WHAT YOU ARE ASKED TO DO
Copy nothing but the lines below, from the one with "1776 W Eagle" through the one with "AVCA11XVHDMI.JPG", exactly as written; no pictures should appear.

GIVEN ENTRIES

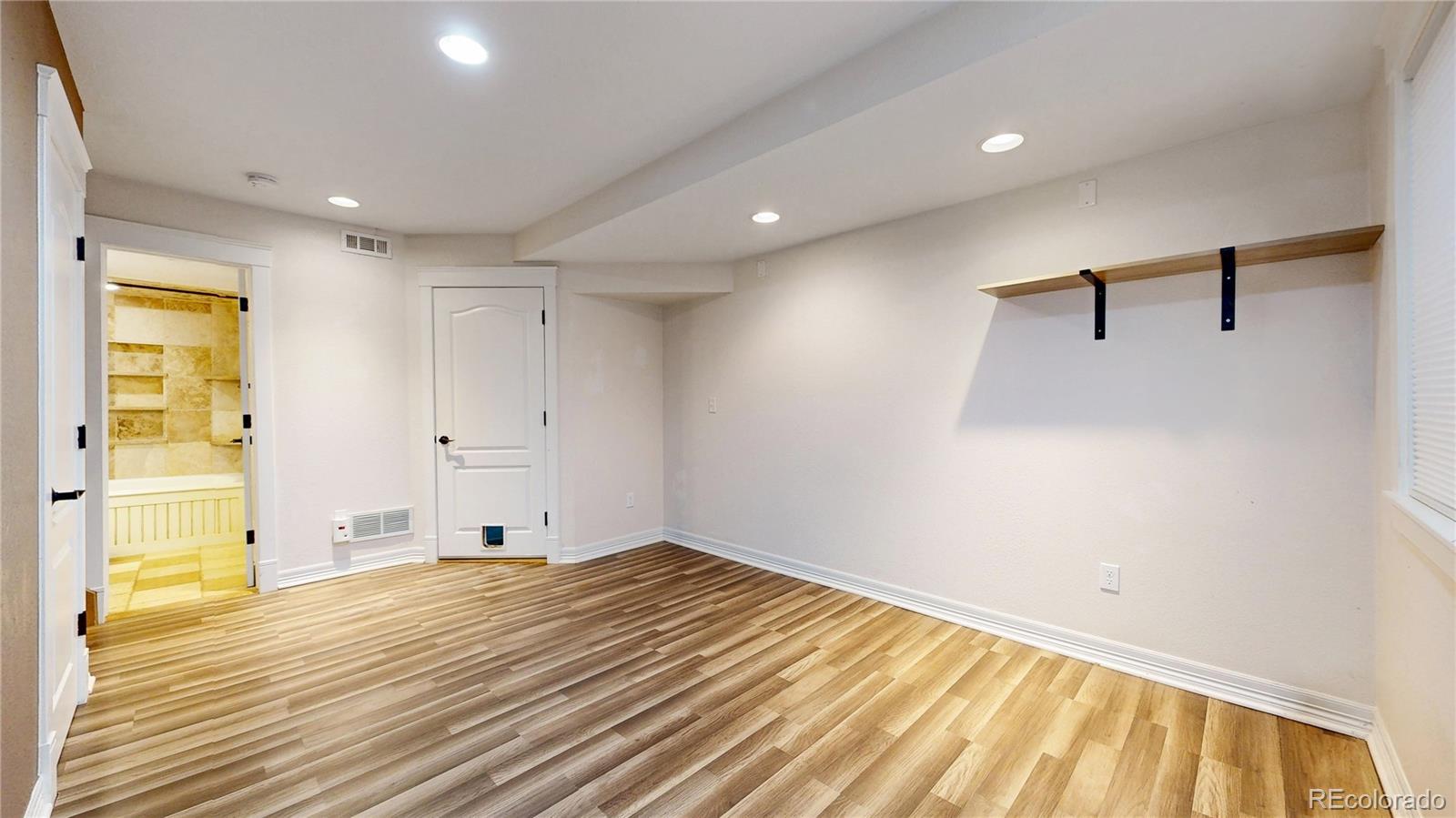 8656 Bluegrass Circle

* * *

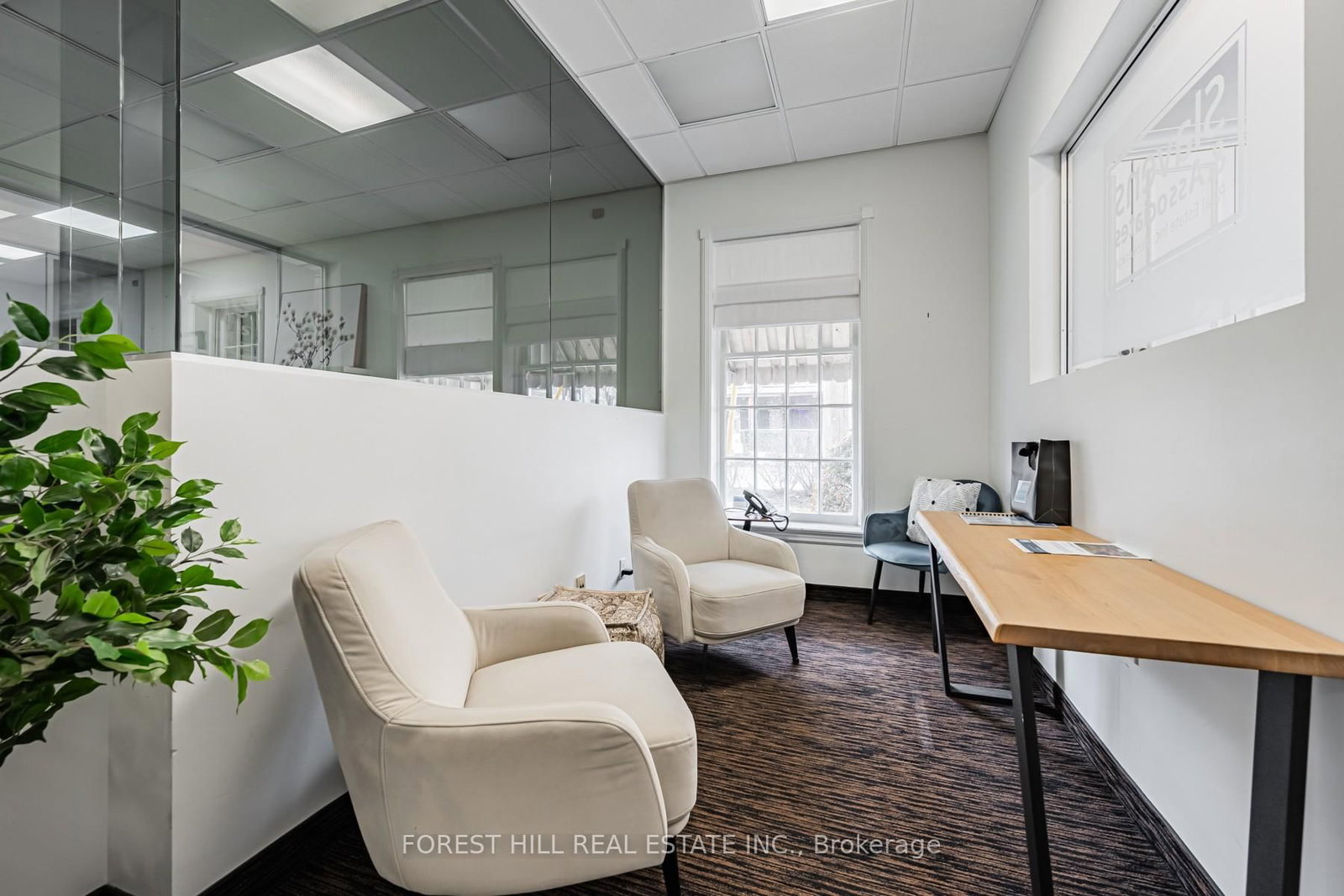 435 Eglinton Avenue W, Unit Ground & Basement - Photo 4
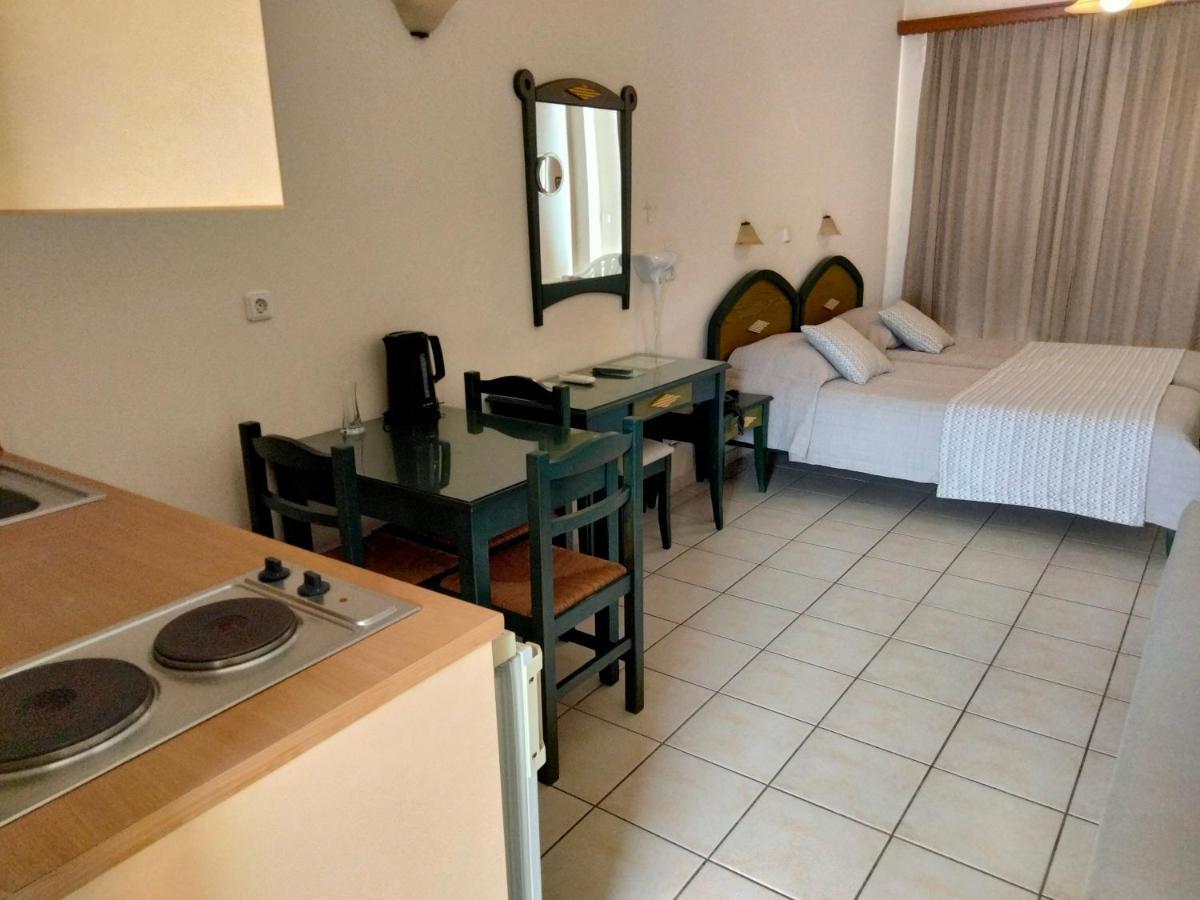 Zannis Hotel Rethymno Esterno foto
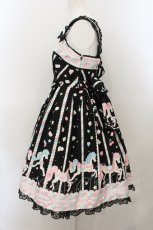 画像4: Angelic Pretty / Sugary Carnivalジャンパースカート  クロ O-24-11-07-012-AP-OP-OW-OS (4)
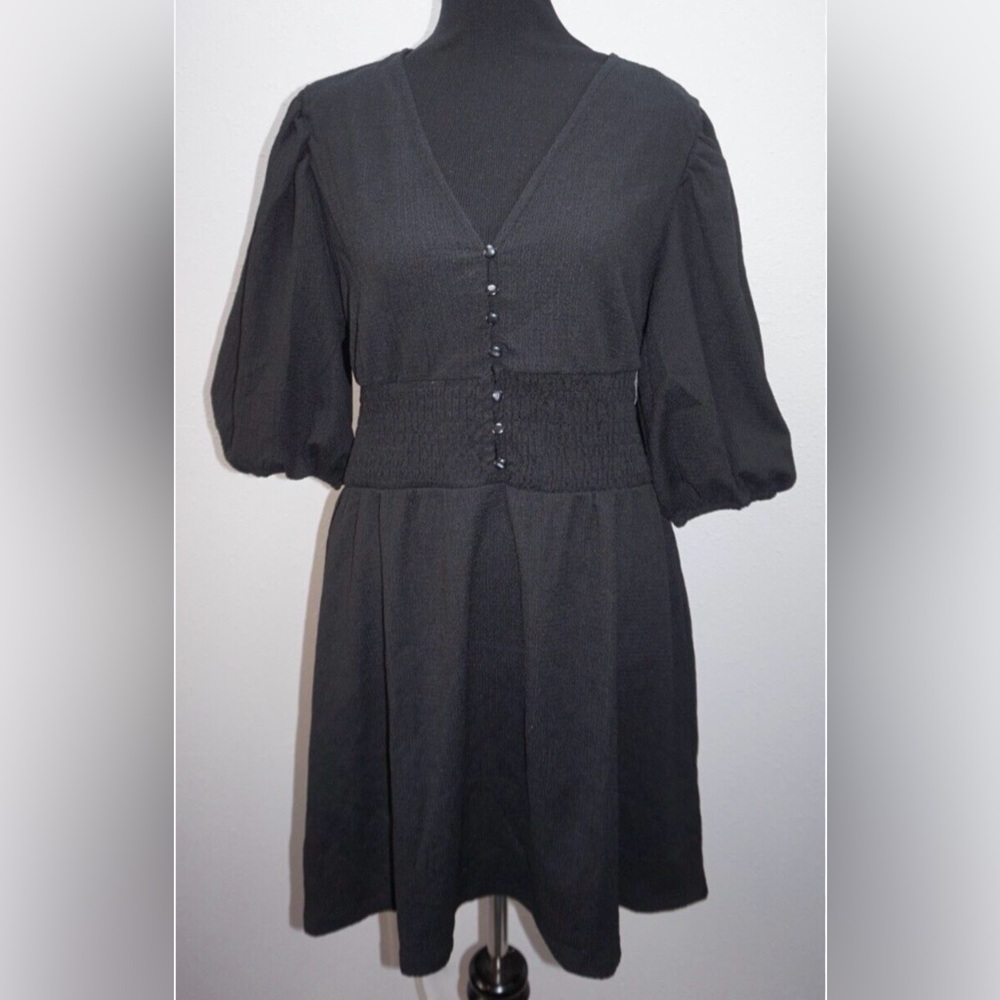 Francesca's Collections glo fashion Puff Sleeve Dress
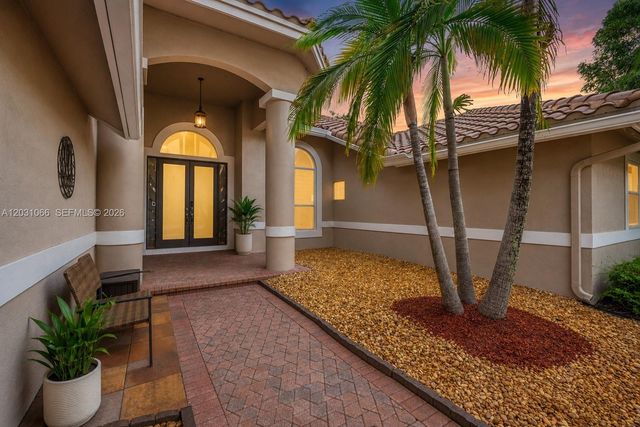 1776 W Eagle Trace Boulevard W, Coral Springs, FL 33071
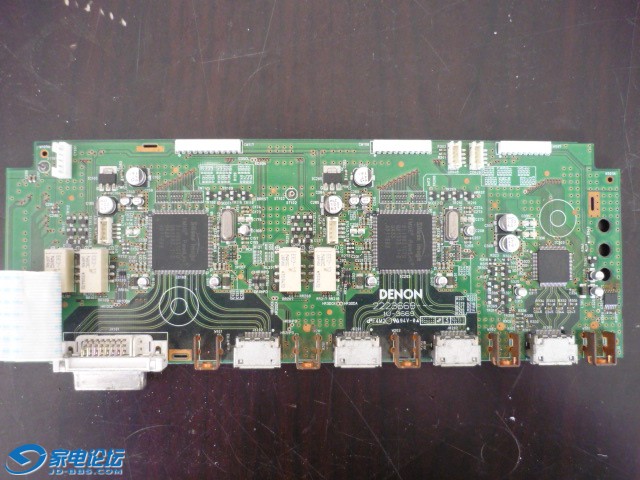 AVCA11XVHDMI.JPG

ANSWER FOR THIS EXERCISE
 1776 W Eagle Trace Boulevard W, Coral Springs, FL 33071
 AVCA11XVHDMI.JPG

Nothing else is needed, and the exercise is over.